Thinking-in-Modalities (TiM)#

During fine-tuning or inference, TerraMind can pause for a moment, imagine a helpful but absent layer, append the imagined tokens to its own input sequence, and then lets the fine-tuned encoder continue to improve its own performance. Because the imagination lives in token space, the approach avoids the heavy diffusion decoding that full image synthesis would require. So, TerraMind can generate any missing modality as an intermediate step — an ability we call Thinking in Modalities (TiM). We refer to the paper for details.

Important

TiM only works with fully pre-trained raw inputs (all bands, no bands parameter). The generator model is frozen and cannot adapt to unseen inputs such as subsets of pre-trained bands. If this is the case for you, you cannot use the TiM models.

To use, suffix _tim to the model name and set tim_modalities.

model_args:
  backbone: terramind_v1_base_tim
  backbone_pretrained: True
  backbone_modalities:
    - S2L2A
  backbone_tim_modalities:
    - LULC
model_args={
    ...
    "backbone": "terramind_v1_base",
    "backbone_pretrained": True,
    "backbone_modalities": ["S2L2A"],
    "backbone_tim_modalities": ["LULC"],
    ...
},
model = BACKBONE_REGISTRY.build(
    "terramind_v1_base_tim",
    pretrained=True,
    modalities=["S2L2A", "S1GRD"],
    tim_modalities=["LULC"]
)

Here is a TiM config example for fine-tuning.


Generation#

Use *_generate models for any-to-any generation.

model = BACKBONE_REGISTRY.build(
    'terramind_v1_base_generate',
    modalities=['S2L2A'],
    output_modalities=['S2L2A', 'S1GRD', 'LULC'],
    pretrained=True,
    standardize=True,
)

Use standardize=True to automatically apply correct scaling to the inputs and generations. Alternatively, you can find the standardization values from pre-training here. The model requires all pre-trained bands for the inputs.

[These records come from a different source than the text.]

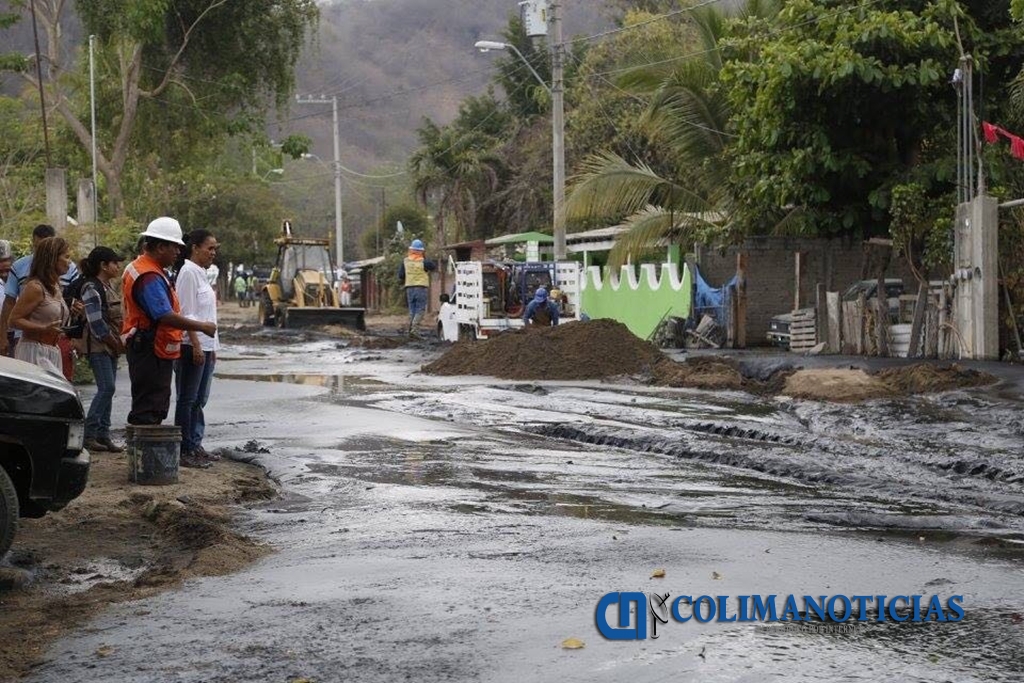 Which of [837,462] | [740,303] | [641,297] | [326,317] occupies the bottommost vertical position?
[837,462]

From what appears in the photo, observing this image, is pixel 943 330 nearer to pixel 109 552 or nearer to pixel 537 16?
pixel 537 16

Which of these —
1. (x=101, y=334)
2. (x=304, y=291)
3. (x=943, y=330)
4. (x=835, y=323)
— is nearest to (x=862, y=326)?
(x=835, y=323)

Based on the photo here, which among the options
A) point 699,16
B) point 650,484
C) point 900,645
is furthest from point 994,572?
point 699,16

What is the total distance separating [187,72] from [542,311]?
19712 millimetres

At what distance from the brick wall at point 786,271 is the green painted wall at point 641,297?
4.09ft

Demos are provided in terramind_generation.ipynb and any_to_any_generation.ipynb. You can use TerraTorch's large-tile-inference to generate images of larger scenes, which is demonstrated in large_tile_generation.ipynb.


Tokenizers#

Initialize tokenizers from FULL_MODEL_REGISTRY:

from terratorch.registry import FULL_MODEL_REGISTRY

model = FULL_MODEL_REGISTRY.build('terramind_v1_tokenizer_s2l2a', pretrained=True)

Reconstruction example:

with torch.no_grad():
    # Full reconstruction
    reconstruction = model(normalized_input)

    # Encode only
    _, _, tokens = model.encode(normalized_input)

    # Decode only
    reconstruction = model.decode_tokens(tokens)

We provide an example in terramind_tokenizer_reconstruction.ipynb.